My suggestion for re-locating the needle is only "SWAG". Until someone chimes in on their actual experience with this one model year "Dual Purpose" coolant temp sensor, I am just trying to be helpful. Remember, this "F" body uses an "LS" engine.

It is a fault engrained into my brain to use what works after 20+ year in small shops with 3 tons of "Mitchells Manual" on a shelf that was 30 foot long to cover Import / Domestic. The dealer had accurate diagnostic since they built it. They work for me, because a repair that fails is a come-back. You don't feed a family of 6 on come-backs. I am not bragging nor am I perfect and take no offense by the question, which is a good one.
In the age of YouTube and internet resources, like this forum...I can only provide a possible option for a temporary fix. If the gauge is straight up when running normal operating temperatures, verified by an IR reading when the thermostat opens and the upper hose quickly get hot. I would feel reasonably comfortable in driving this vehicle ever day. Cold, who cares. Running temp at normal middle position, good. Too hot and gauge show it, tells me I need to take action...regardless of accuracy.

Side Note: I find the strategies of engineering very interesting. During the course of my job, 50+ employees and myself found ourselves in the test lab. Many line of code are transferred from year to year so as not to re-write everything from scratch each year. Some info was left in the PCM for scan-tool use. An example is failure code suffixes, like P0112 (Intake air temp (IAT) low. They left information the PCM can produce to provide additional information with the code, for field diagnostics. So, P0112-01 = ground. During startup, the PCM is very busy, checking each circuit to sensors that are required to keep emissions in check. This is done thru Voltage drop, resistance, amperage use, operation while running in certain conditions. EGR, EVAP, Misfire detection, transmission slippage, etc.
They drop a new generation engine into a stock older vehicle, epoxy temp sensors everywhere on the engine, then run bundles of hundreds of wires into an interface module, then split into two laptops sitting on a carpet covered board bolted where the passengers seat would be. They run it sitting still, driving and on the dyno as well as wheels off the ground. Then repeat. To create a diagnostic flow chart for repair, they disconnect a sensor or device, and check to see what the PCM does, the codes, history and a screen capture of "PID's" up to 5 of them. They write and re-write each fail code and the diagnostics that goes with each one.

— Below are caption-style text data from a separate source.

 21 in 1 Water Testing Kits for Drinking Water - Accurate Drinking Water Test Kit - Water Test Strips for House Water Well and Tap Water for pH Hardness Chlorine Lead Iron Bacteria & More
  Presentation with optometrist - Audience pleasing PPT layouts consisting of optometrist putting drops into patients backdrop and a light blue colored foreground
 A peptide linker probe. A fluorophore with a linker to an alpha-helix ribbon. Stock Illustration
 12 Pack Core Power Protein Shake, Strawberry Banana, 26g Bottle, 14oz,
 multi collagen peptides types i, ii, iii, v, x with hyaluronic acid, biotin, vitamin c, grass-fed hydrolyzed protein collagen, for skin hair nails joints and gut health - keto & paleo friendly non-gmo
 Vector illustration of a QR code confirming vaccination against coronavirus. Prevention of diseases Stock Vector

Also, many failures require are back-up program due to the loss of data while a successful start-up. There is a default to "Speed Density Operation" if the MAF signal malfunctions. Over-Heat-Protection result from a simple collection of data from; ECT, MAF, TPS, Gear Range, and customer abuse. The PCM will shut off A/C, kill 1, 4, 6 and 7. Then down shift if allowed, reduce torque via spark timing, turn both fans on high speed. These are just a few examples of strategies used by the PCM, created by engineering that help eliminate engine damage or keep the customer from entering into "Tennis Shoe" mode...walking home, instead of driving!

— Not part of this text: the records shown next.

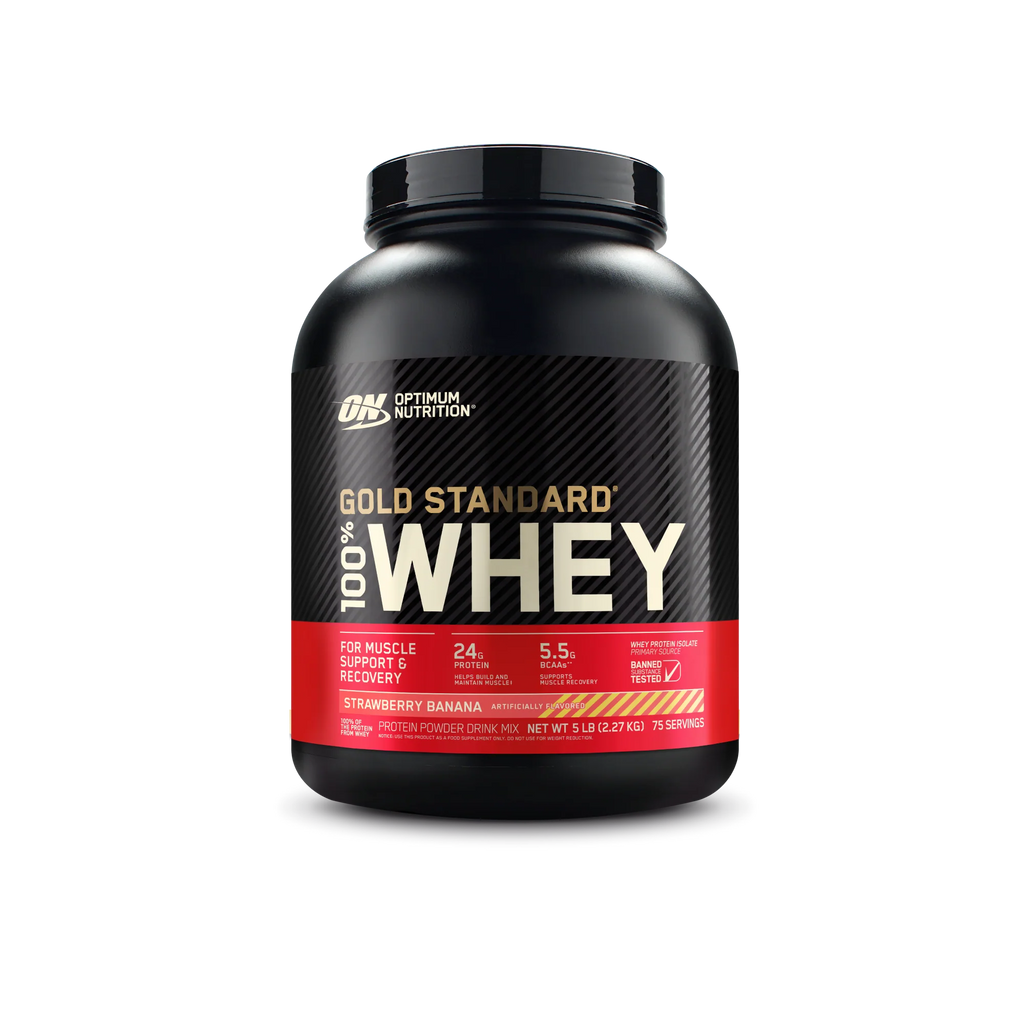 Optimum Nutrition Proteina Gold Standard 100% Whey 5 libras fresa Banana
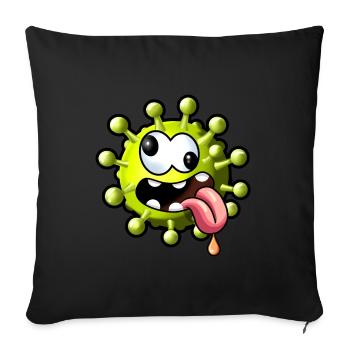 Crazy Virus - Sofa pillowcase 17,3'' x 17,3'' (45 x 45 cm) - black - Front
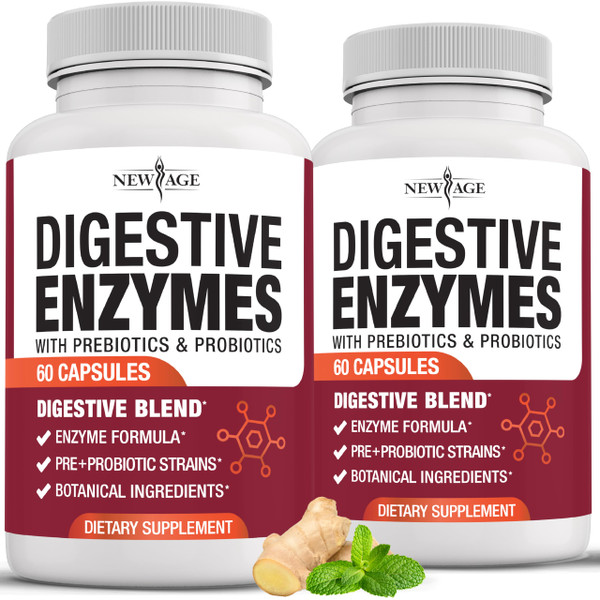 NEW AGE Digestive Enzymes for Gut Health - Probiotic Multi Enzymes with Prebiotics and Probiotics with Lipase for Women and Men for Digestive Health, Daily Enzymes for Digestion - 120 Count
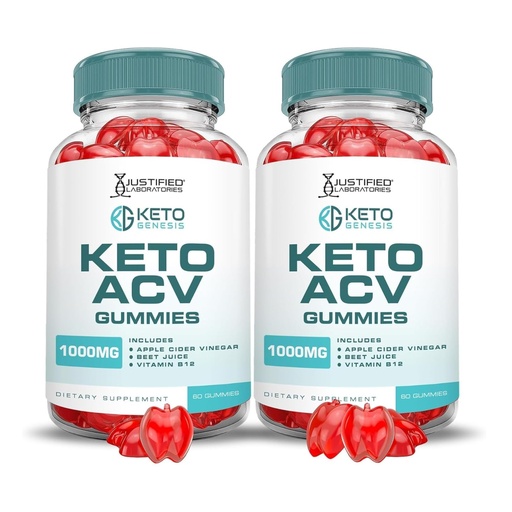 [BRSROAAZBB4BEYDX] Justified Laboratories Keto Genesis Keto ACV Gummies (1000 mg) - 60 Count, Pack of 2 - Formulated with Apple Cider Vinegar, Folate & Vitamin B12 - Non-GMO, Vegan, Gluten Free - 60 Servings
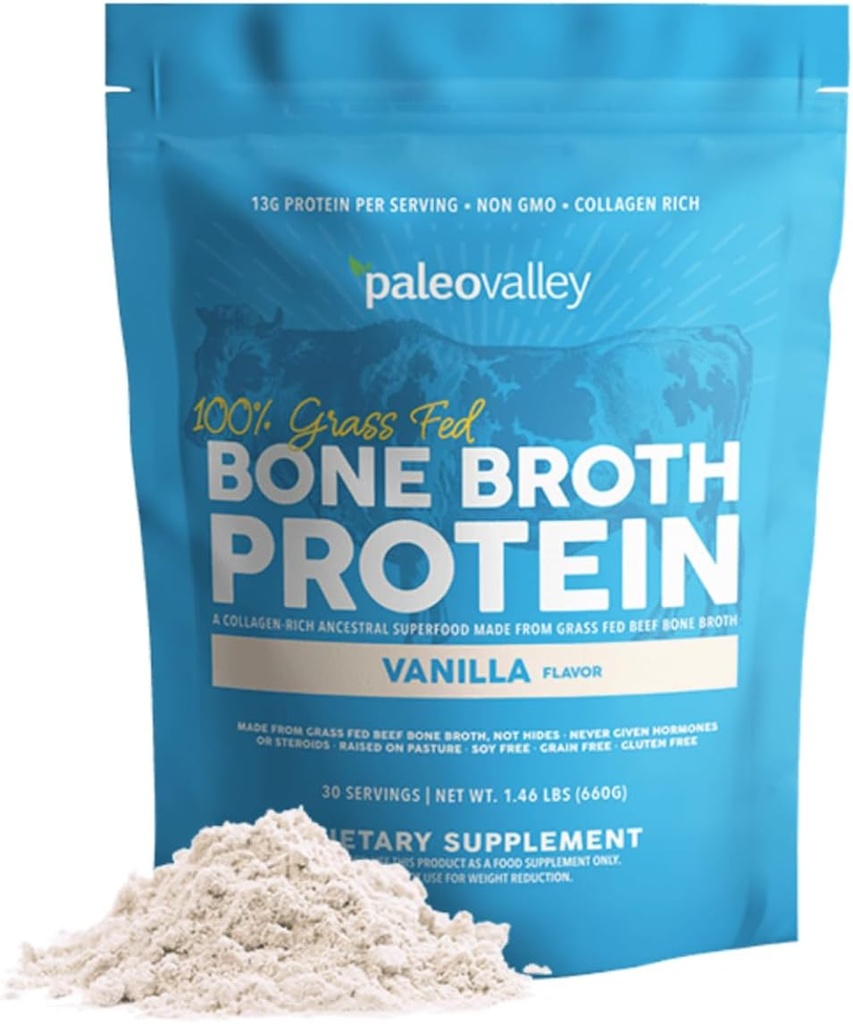 Paleovalley 100% Feed Feed Beef Bone Broth Protein Powder - Rico em Colágeno Peptídeos para Cabelo, Pele, Gut Health, Bone and Joint Support - 15g Protein Per Serving - Sem Glúten ou OGM - Baunilha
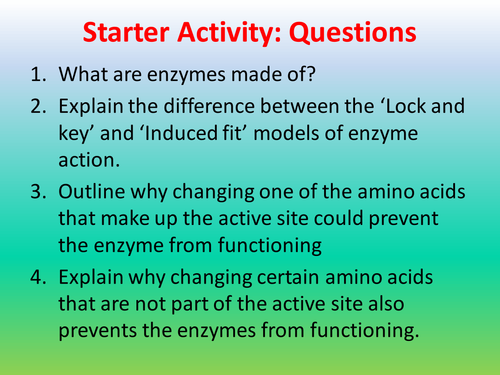 Factors affecting enzyme action AQA AS 3.1.4.2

I feel lucky the last seven plus years of my career in the automotive industry by having the chance to see these things, ask questions and learn behind the scenes activity completing most of my own curiosity. I can only share some of what I know. Now, I can complete even less for myself due to....well, it's my pain problem now.

Sorry to be long. You asked what time it is and I told you how to build a clock!